We have a lot of CDs at home. Not audiophile or former-HMV-employee level quantities, but enough to fill a number of good sized Ikea CD shelves. My wife and I combined our collections when we got married, and found very few overlapping albums. Still not sure whether that’s a good thing or not…

It struck me the other day, whilst searching for something specific to listen to in the car, that there were a lot of CDs that I haven’t listened to, either recently or at all. So, I’ve decided to listen to them all and write up my thoughts about them here.
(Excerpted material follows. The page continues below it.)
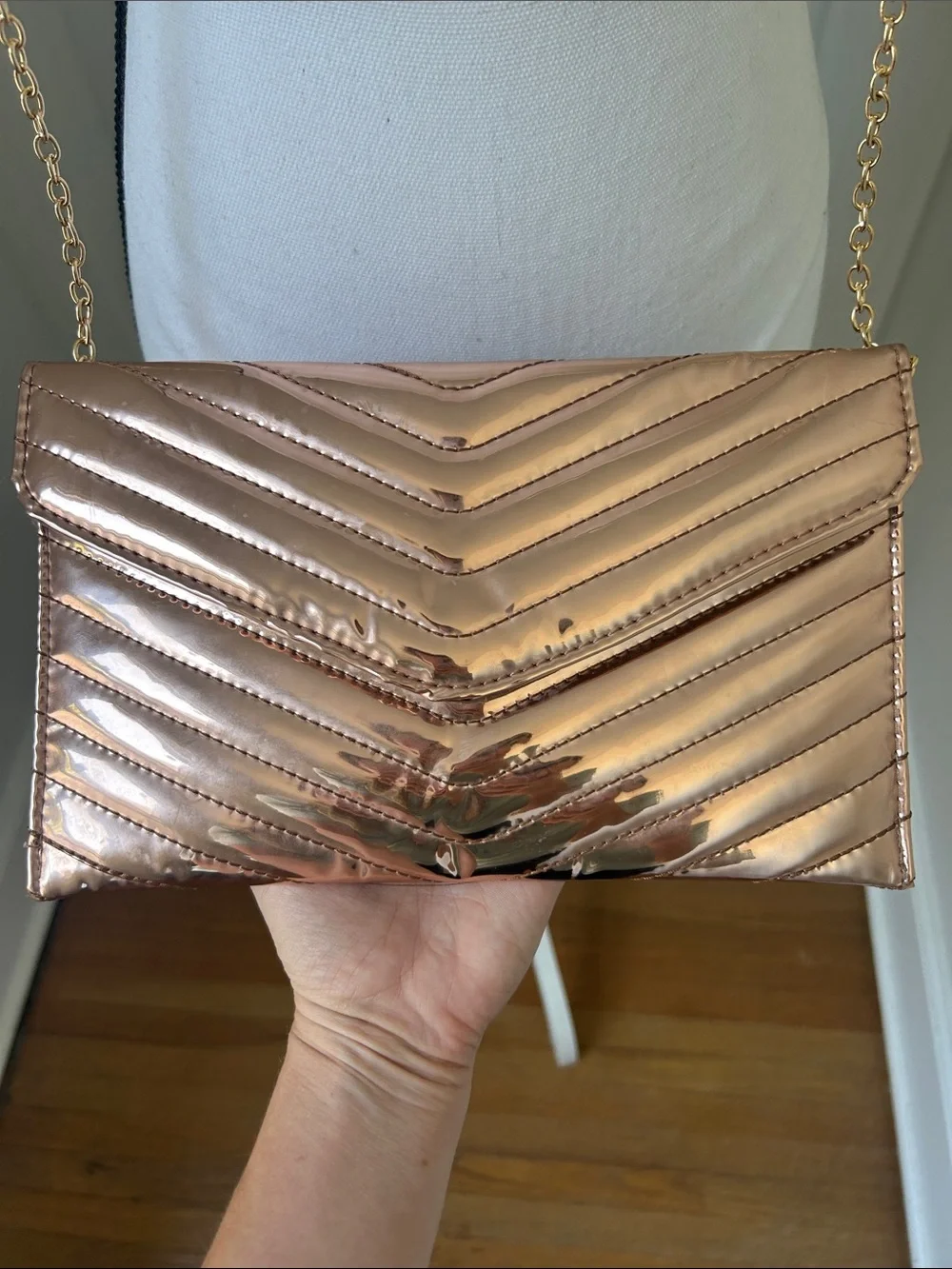 Quilted Metallic Rose Gold Chain Shoulder Bag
Being the stickler I am, I’ve arranged our CDs into various sections; General Albums, “Best of” Compilations, Soundtracks, Christian Music, and Jazz. For the purposes of this exercise, I will be listening to the General Albums section of our collection, meaning I get to listen to artists I really like, such as R.E.M., Radiohead, and Weezer, along with others I don’t really know (Janelle Monae, Fugees), and even some I don’t currently like (Shed Seven, Take That) but may change my mind about during the course of this blog. The section is arranged in alphabetical order by artist/band, and chronologically by release date for each.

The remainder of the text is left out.